RECORDS.

=======

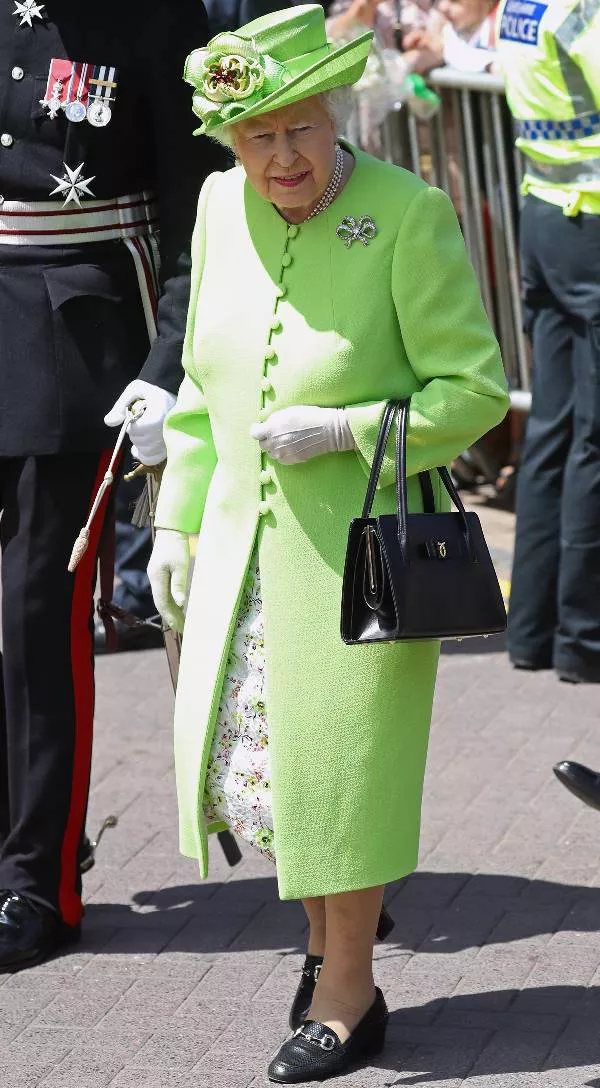 Королева Елизавета в зеленом пальто и шляпе, черные туфли и сумочка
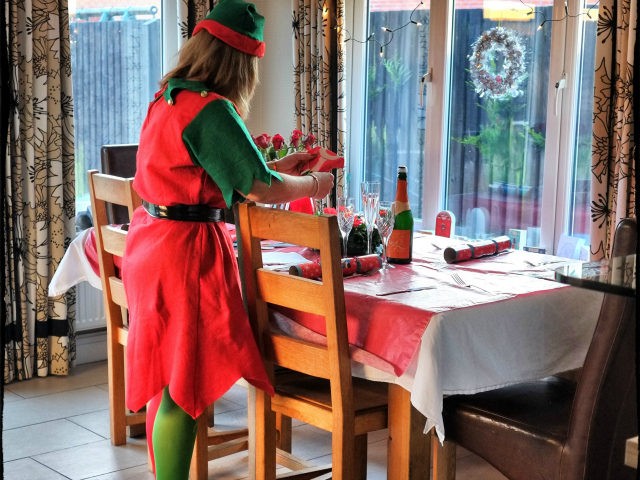 (EDITORS NOTE: This images was created using digital filter) A woman wears an elf suit as she sets the Christmas table on December 25, 2014 in Glasgow, Scotland. Millions of people across the UK spend time with family and loved ones on Christmas day, traditionally exchanging gifts and eating and …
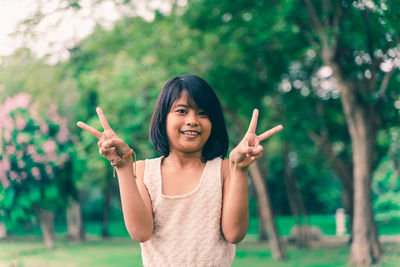 Portrait of smiling girl gesturing peace sign while standing at park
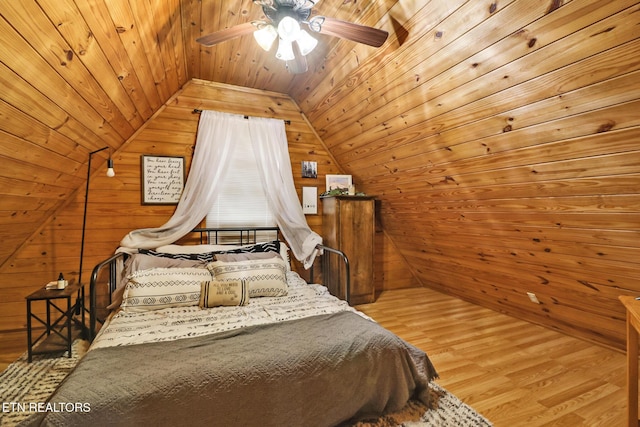 bedroom with wood ceiling, vaulted ceiling, ceiling fan, wooden walls, and hardwood / wood-style flooring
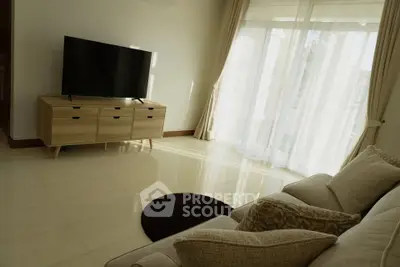 Spacious living room with modern TV setup and elegant curtains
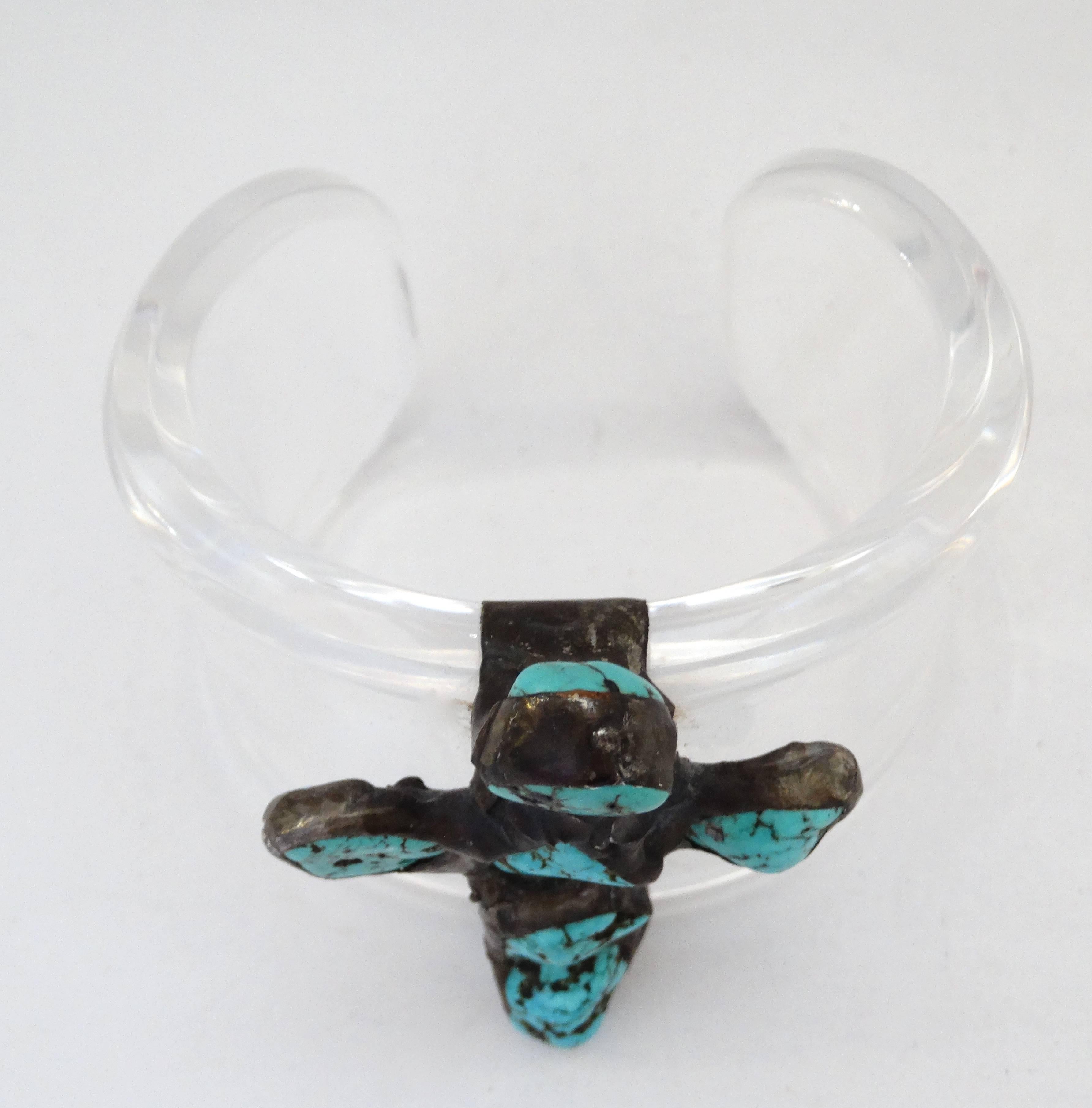 A unique take on the Navajo jewelry trend: translucent turquoise cross cuff! Clear lucite cuff with silver cross moulded around it. Chunks of turquoise embedded in the silver in a cross formation. Unsigned but of amazing quality. 


Height: 2.5 in 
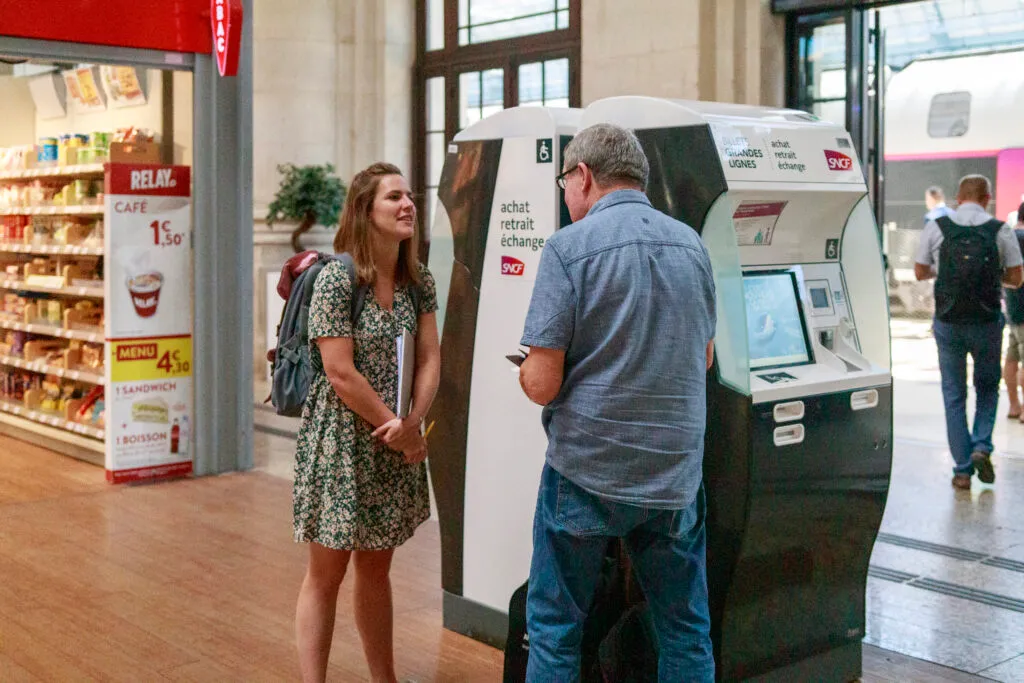 A team member during a street interview at a station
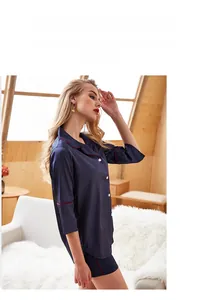 Detail of dark blue silk-like pajamas set with red trim and white buttons on short sleeves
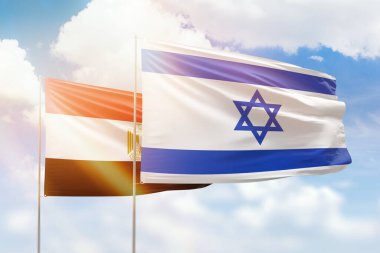 Sunny blue sky and flags of israel and egypt
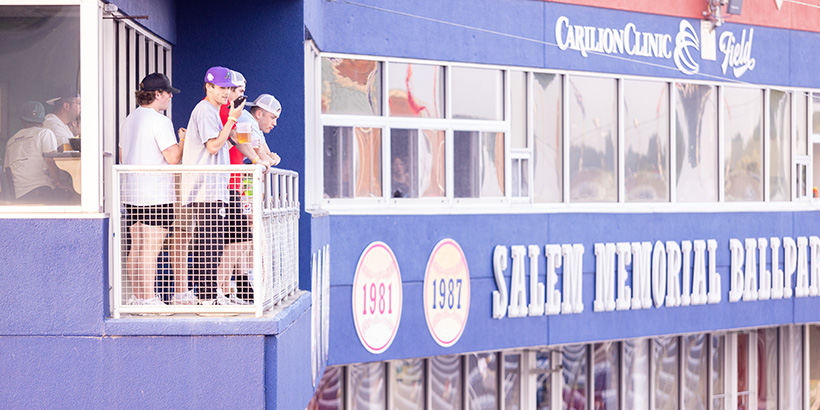 Students lean against the railing of the outdoor seating at a stadium suite of the Salem Red Sox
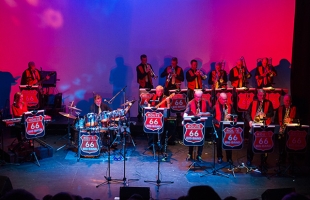 A live performance by the Route 66 Big Band on stage. The band members, dressed in coordinated black and red outfits, play various instruments including drums, keyboards, saxophones, trumpets, and trombones. Each music stand displays the Route 66 logo. The stage is lit with vibrant red and blue lighting, creating a dynamic and colourful atmosphere.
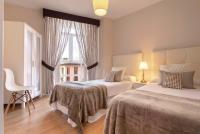 Posteľ alebo postele v izbe v ubytovaní Exclusive Apartments Plaza Merced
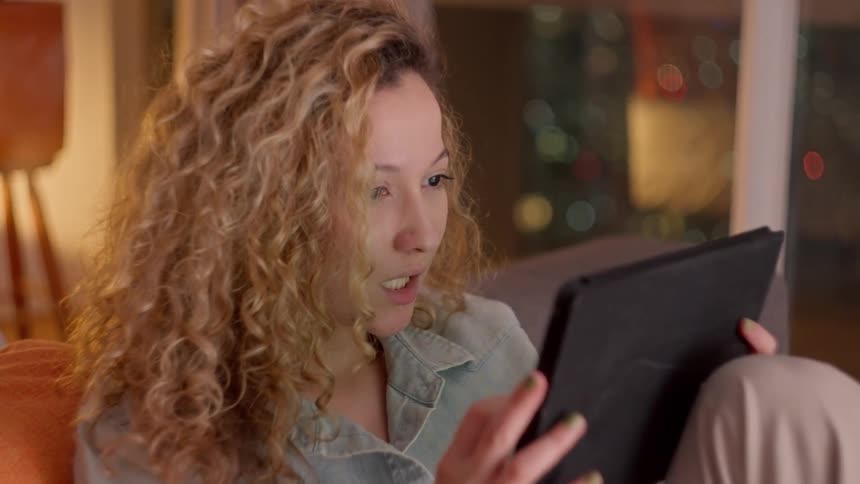 A woman relaxes on a couch while using a tablet illuminated by warm indoor lighting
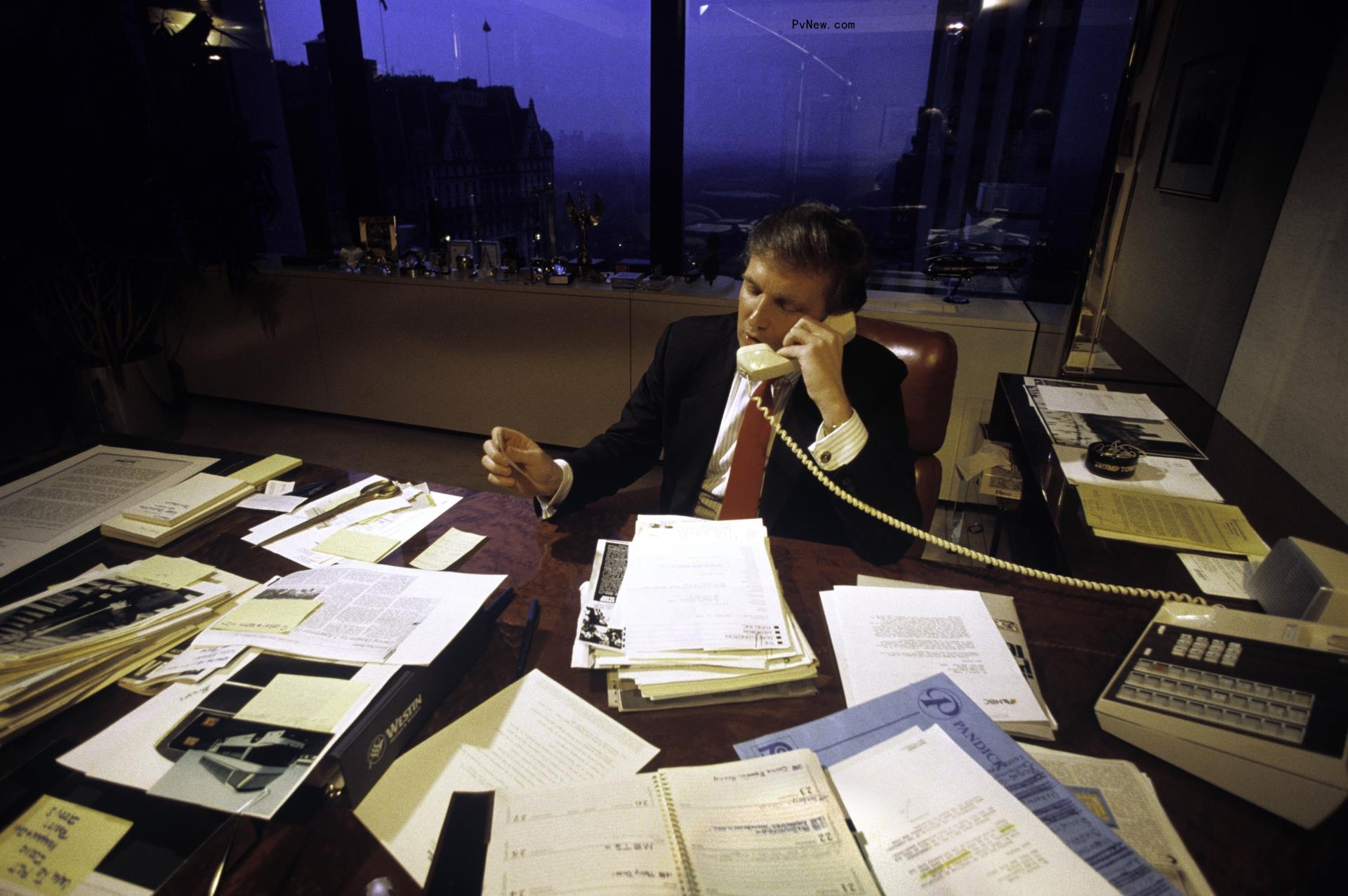 Do<i></i>nald Trump on the phone while sitting at an office desk.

=======

EXERCISE OBJECTIVE.
Your answer must be an exact copy of every entry, with the pictures left out.

RESPONSE.
 Королева Елизавета в зеленом пальто и шляпе, черные туфли и сумочка
 (EDITORS NOTE: This images was created using digital filter) A woman wears an elf suit as she sets the Christmas table on December 25, 2014 in Glasgow, Scotland. Millions of people across the UK spend time with family and loved ones on Christmas day, traditionally exchanging gifts and eating and …
 Portrait of smiling girl gesturing peace sign while standing at park
 bedroom with wood ceiling, vaulted ceiling, ceiling fan, wooden walls, and hardwood / wood-style flooring
 Spacious living room with modern TV setup and elegant curtains
 A unique take on the Navajo jewelry trend: translucent turquoise cross cuff! Clear lucite cuff with silver cross moulded around it. Chunks of turquoise embedded in the silver in a cross formation. Unsigned but of amazing quality. 


Height: 2.5 in 
 A team member during a street interview at a station
 Detail of dark blue silk-like pajamas set with red trim and white buttons on short sleeves
 Sunny blue sky and flags of israel and egypt
 Students lean against the railing of the outdoor seating at a stadium suite of the Salem Red Sox
 A live performance by the Route 66 Big Band on stage. The band members, dressed in coordinated black and red outfits, play various instruments including drums, keyboards, saxophones, trumpets, and trombones. Each music stand displays the Route 66 logo. The stage is lit with vibrant red and blue lighting, creating a dynamic and colourful atmosphere.
 Posteľ alebo postele v izbe v ubytovaní Exclusive Apartments Plaza Merced
 A woman relaxes on a couch while using a tablet illuminated by warm indoor lighting
 Do<i></i>nald Trump on the phone while sitting at an office desk.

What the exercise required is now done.